Regelkreis der Thermoregulation
Um die Körpertemperatur und insbesondere die Kerntemperatur in engen Grenzen konstant zu halten nutzen Menschen ein komplexes System aus Sensoren und Stellgliedern, das als Regelkreis der Temperaturregulation bezeichnet wird und der Steuerung einer Zentralheizung vergleichbar ist. Im Modul Regelkreis der Temperaturregulation werden die einzelnen Bauteile dieses Systems und ihre Leistungsgrenzen vorgestellt. Neben den physiologischen Mechanismen der Kälte- und Wärmeabwehr wird die Bedeutung der Verhaltensthermoregulation des Menschen und die darauf beruhende Anpassung auch an extreme Temperaturzonen verdeutlicht. Die Kenntnis der wesentlichen Stellglieder im Regelkreis der Thermoregulation ermöglicht es auch, besonders hitzegefährdete Gruppen zu identifizieren und auf der Basis der Kenntnisse Präventionsmaßnahmen zu vorzuschlagen.

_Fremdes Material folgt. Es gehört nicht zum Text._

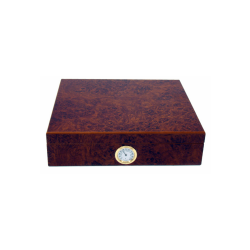Umidor Trabucuri Brown Burl Wood Decor Umidor Trabucuri Brown Burl Wood Decor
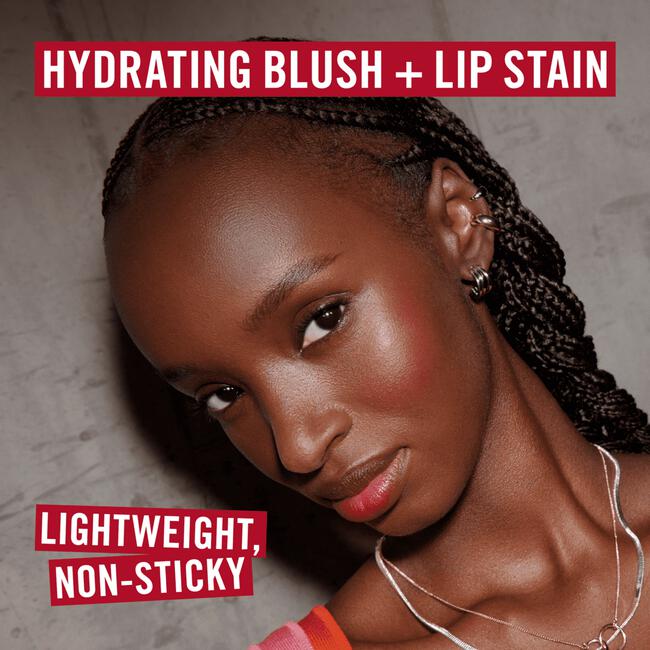 Rimmel Multi-Tasker Jelly Crush Blush en Lip Stain 300 Peachy Punch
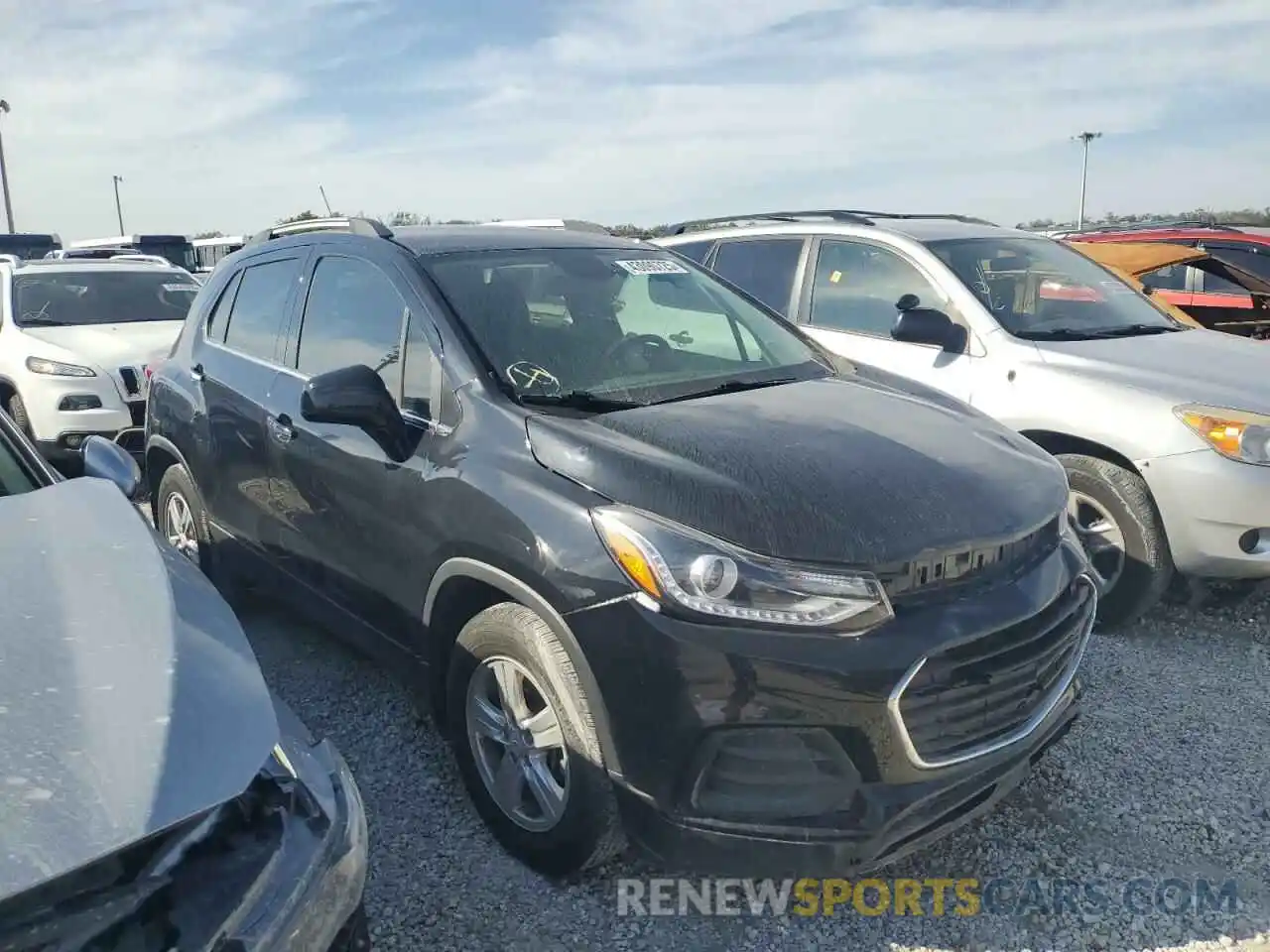 4 Photograph of a damaged car KL7CJLSB9LB034888 CHEVROLET TRAX 2020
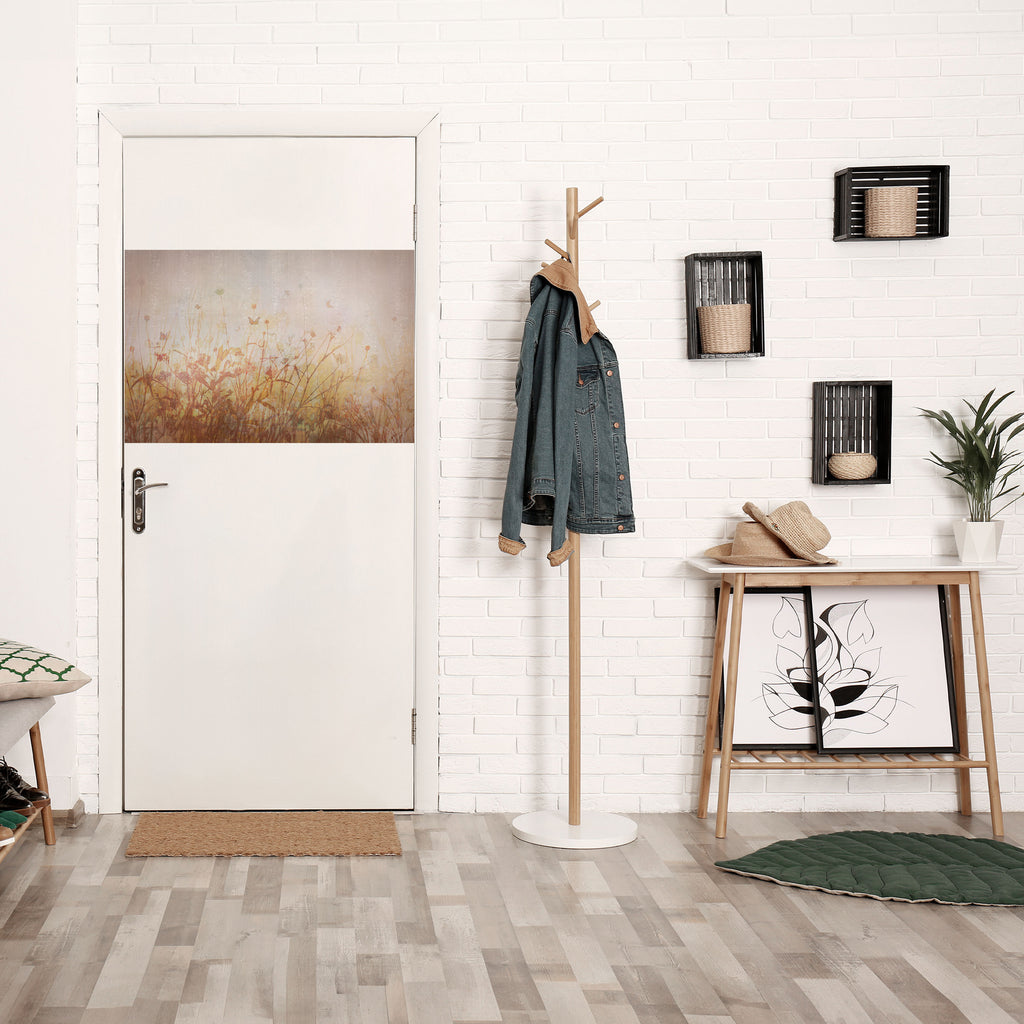 Póster horizontal autoadhesivo MARIPOSAS DE LA PRADERA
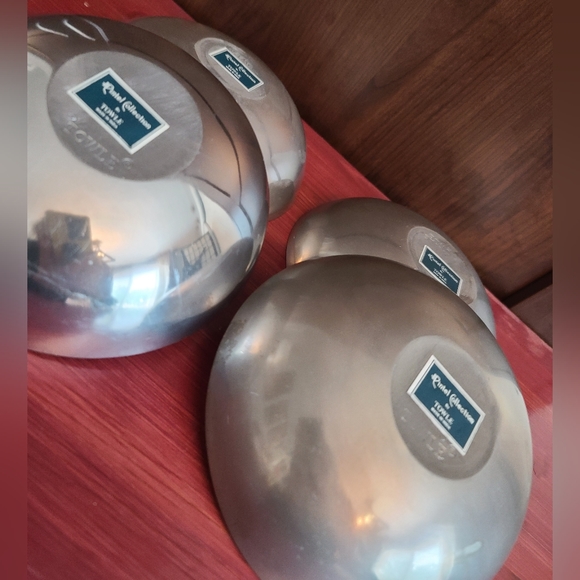 🌼🌼 Pintel Collection by Towle 4pc Bowl Set - Picture 3 of 6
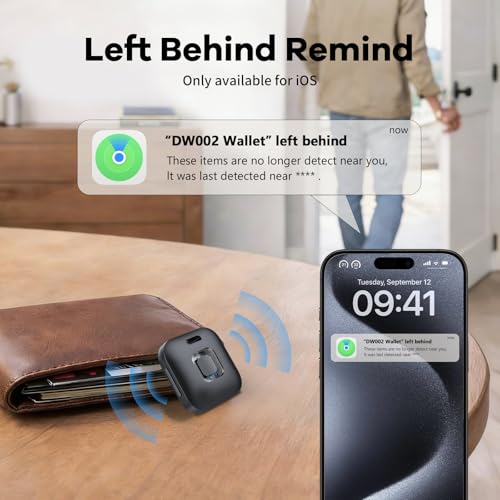 Image of Hoxe Air Tracker Tags-3 Pack for iOS & Android, Smart Tag for Key, Bag, Pet | Dual System Luggage Tracker Compatible with Apple Find My & Google Find Hub App, Bluetooth Key Finder Replaceable Battery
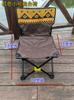 Silla de Pesca Plegable Pequeña, Silla de Pesca Plegable Portátil y Sencilla para Camping, Fabricante a Medida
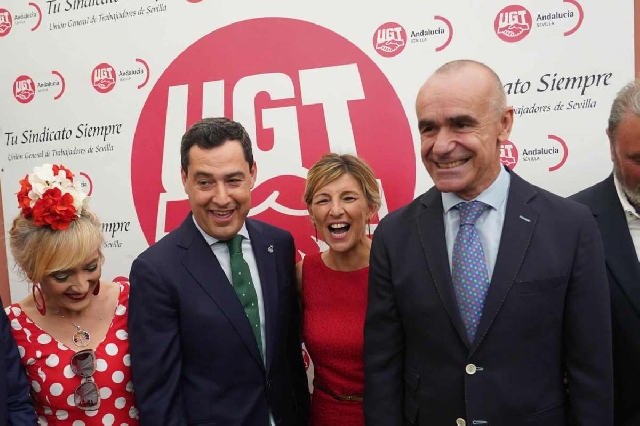 Moreno le exige disculpas a Yolanda Díaz por decir que Andalucía 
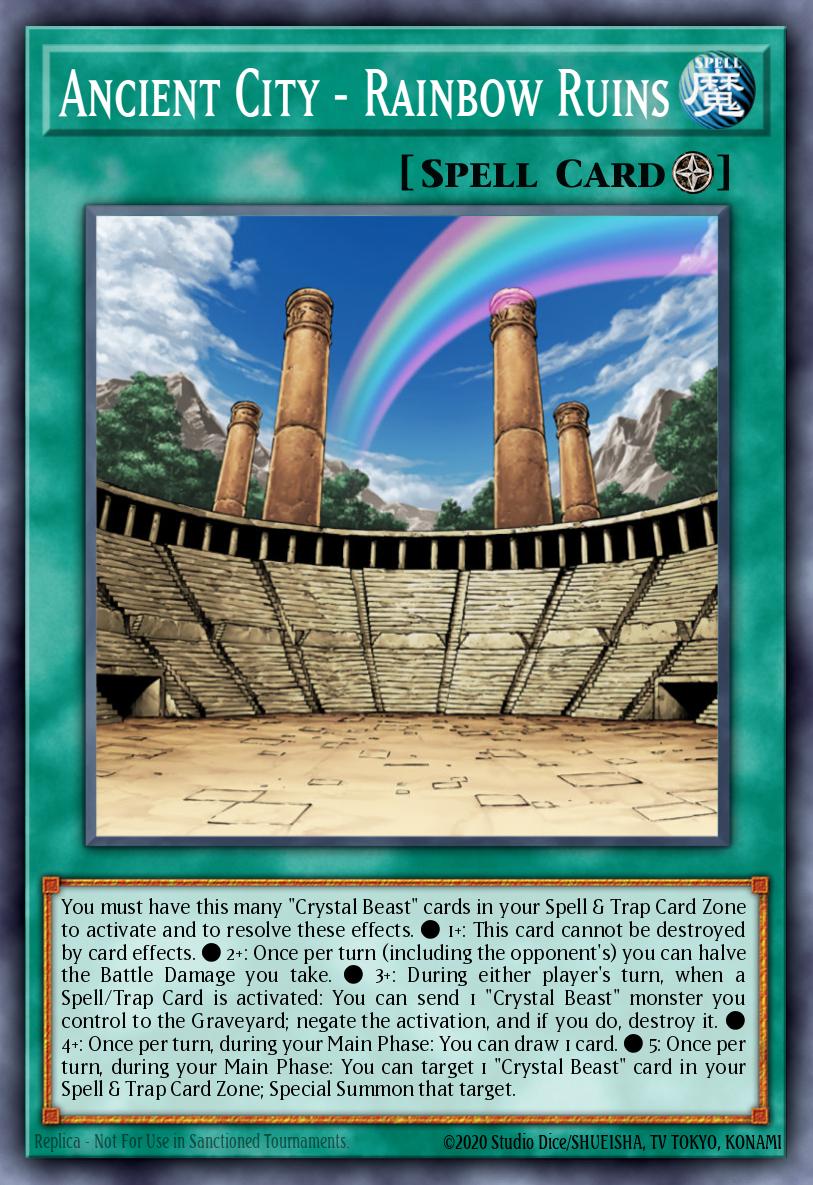 Card Image: Ancient City - Rainbow Ruins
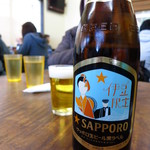 Isoryouri Miyashita - 瓶ビール（中瓶）伊豆ラベル！600円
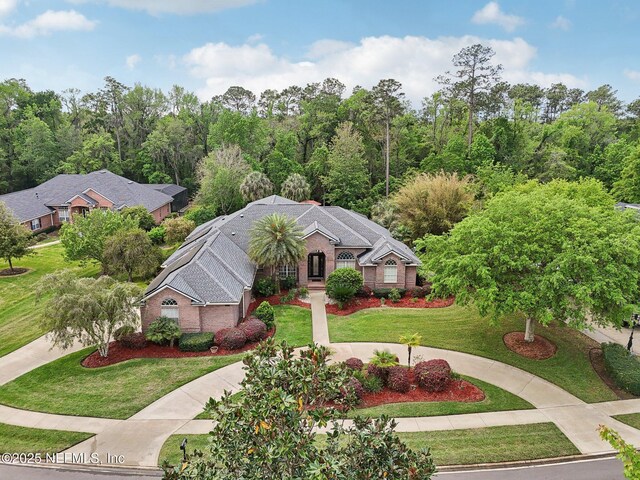 553 S Bridge Creek Dr, Saint Johns, FL 32259 - birds eye view of property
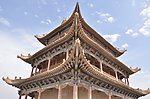 嘉峪关城楼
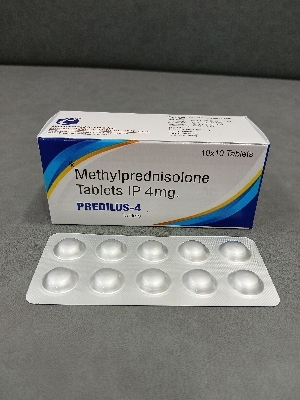Methylprednisolone 4 mg Tablet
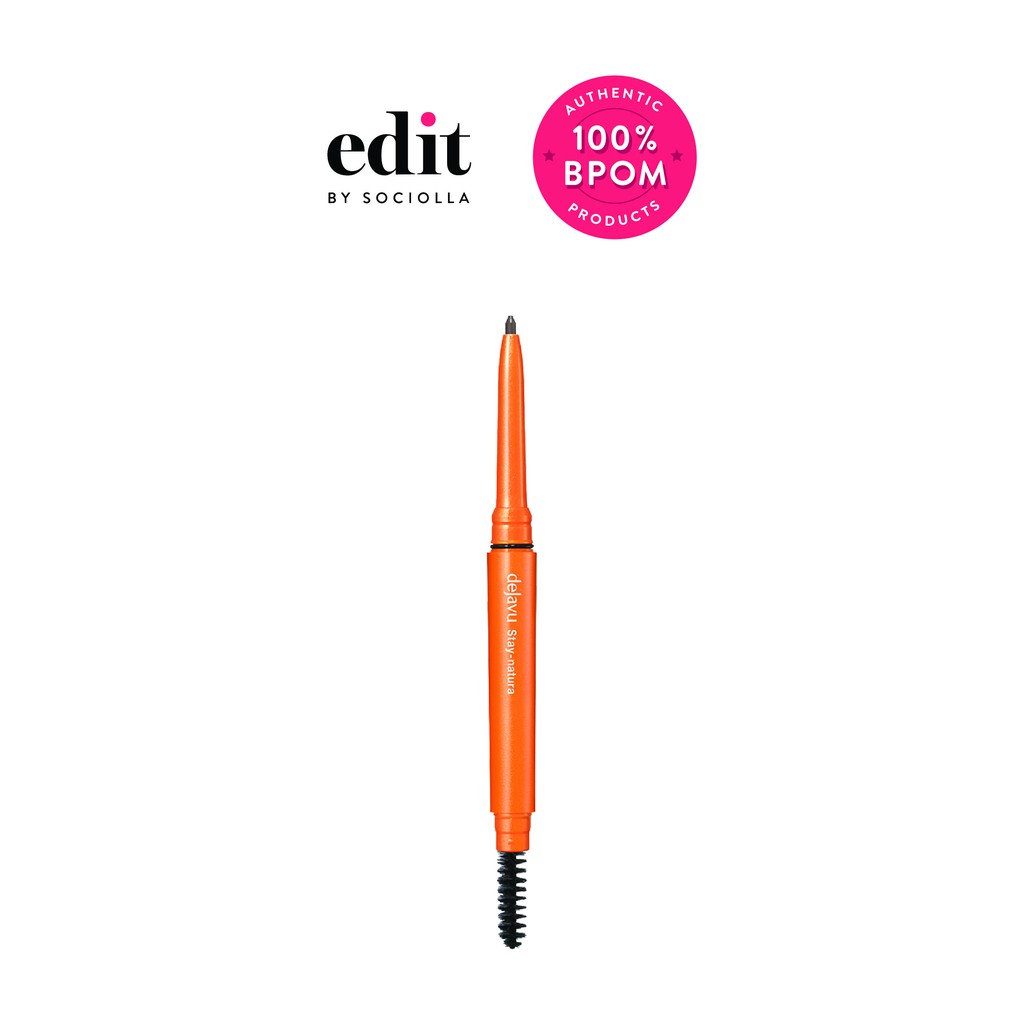 

Dejavu Natural Lasting Eyebrow - Shade: Dark Grey - Edit by Sociolla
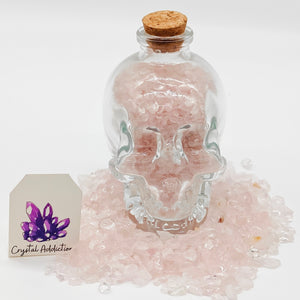 Skull Chip Wish Bottles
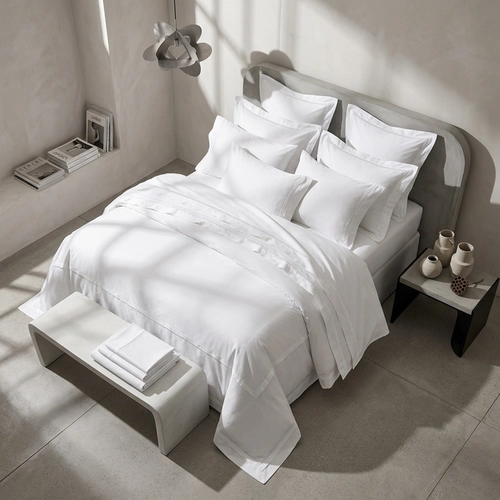 JOGO DE CAMA VERCELLI BRANCO KING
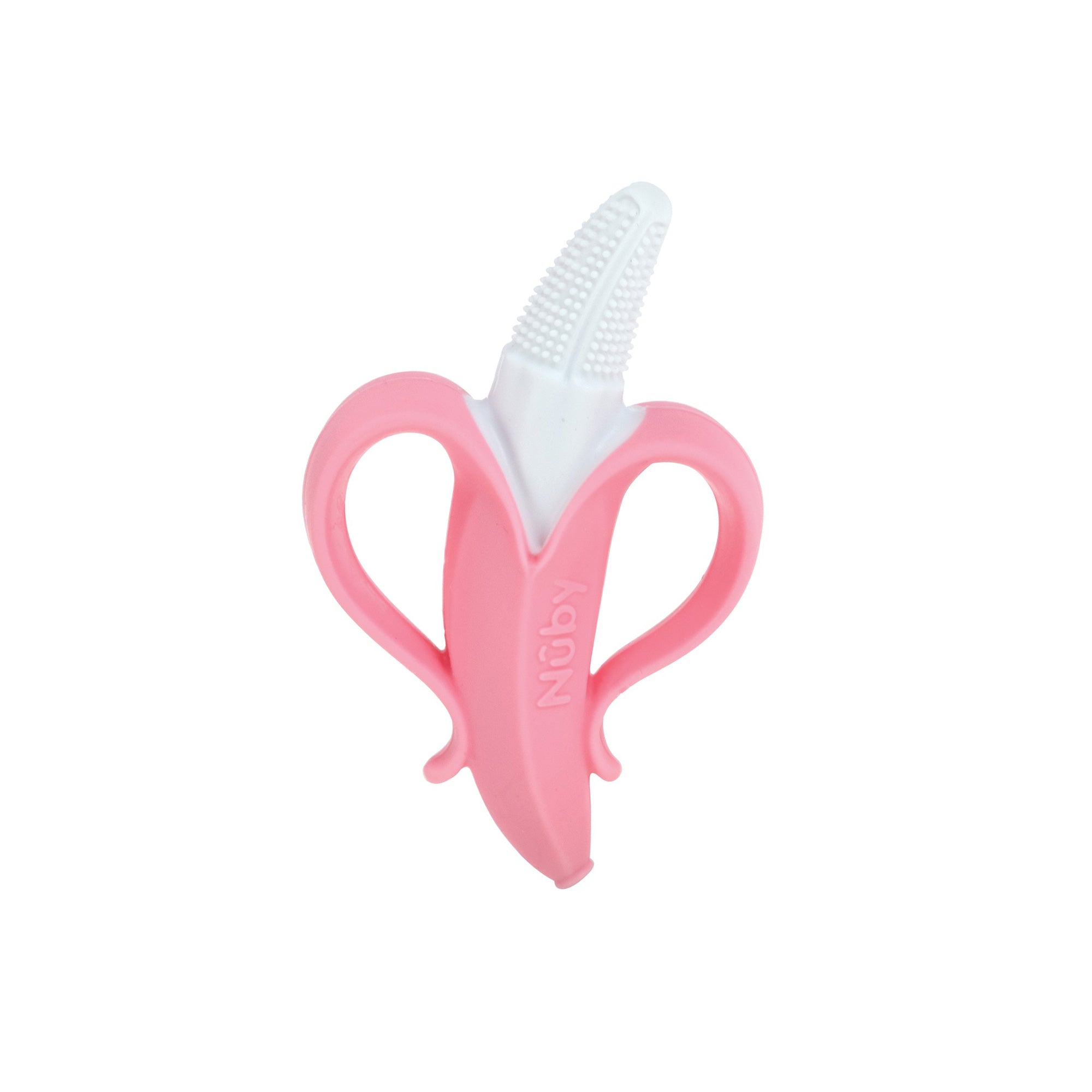 NanaNubs Banana Massaging Toothbrush (BLKC)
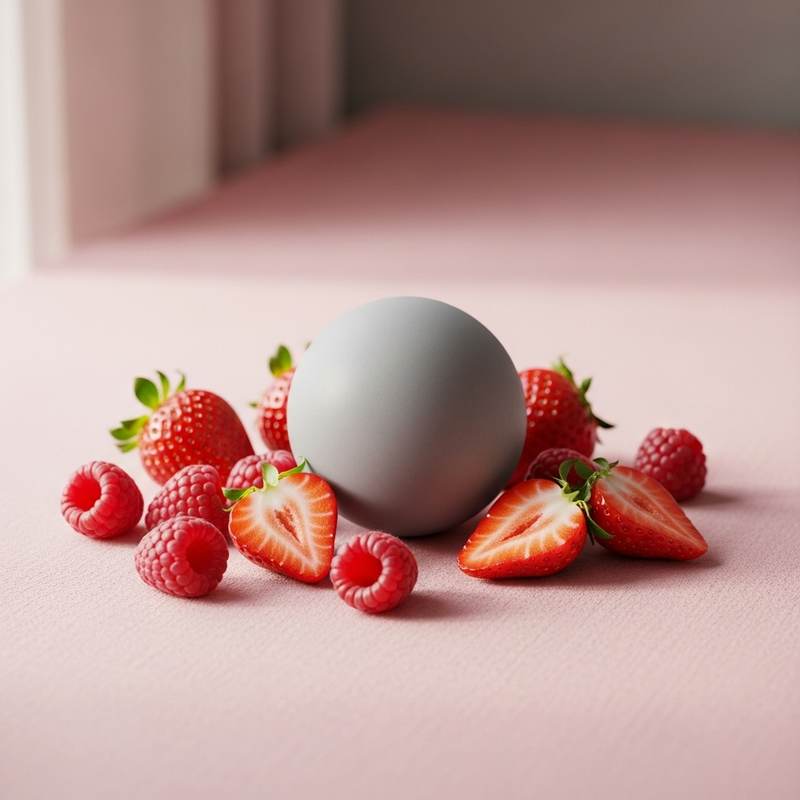 Strawberries and raspberries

Gefährdung durch Hitze oder Kälte
Hochgradige Wärmeeinwirkung kann in Abhängigkeit von weiteren Faktoren insbesondere für empfindliche Menschen gesundheitliche Probleme auslösen. Die Palette der Hitzeschäden reicht von einem Sonnenstich über Hitzekrämpfe und einem Hitzekollaps bis zum Hitzeschlag. Im Modul Gefährdung durch Hitze und Kälte werden nicht nur die unterschiedlichen Symptome der einzelnen gesundheitlichen Probleme aufgezeigt, die für den Hitzeschutz-Beauftragten zur Erkennung von Problemen zwingend notwendig sind, sondern auch auf die Rolle von ergänzenden Faktoren wie z.B. die Einnahme von bestimmten Pharmaka oder besondere Situationen am Arbeitsplatz hingewiesen. Insbesondere bei der Gefährdungsbeurteilung ist es in den Interviews der Beteiligten wichtig mögliche Symptome abzufragen und zu bewerten.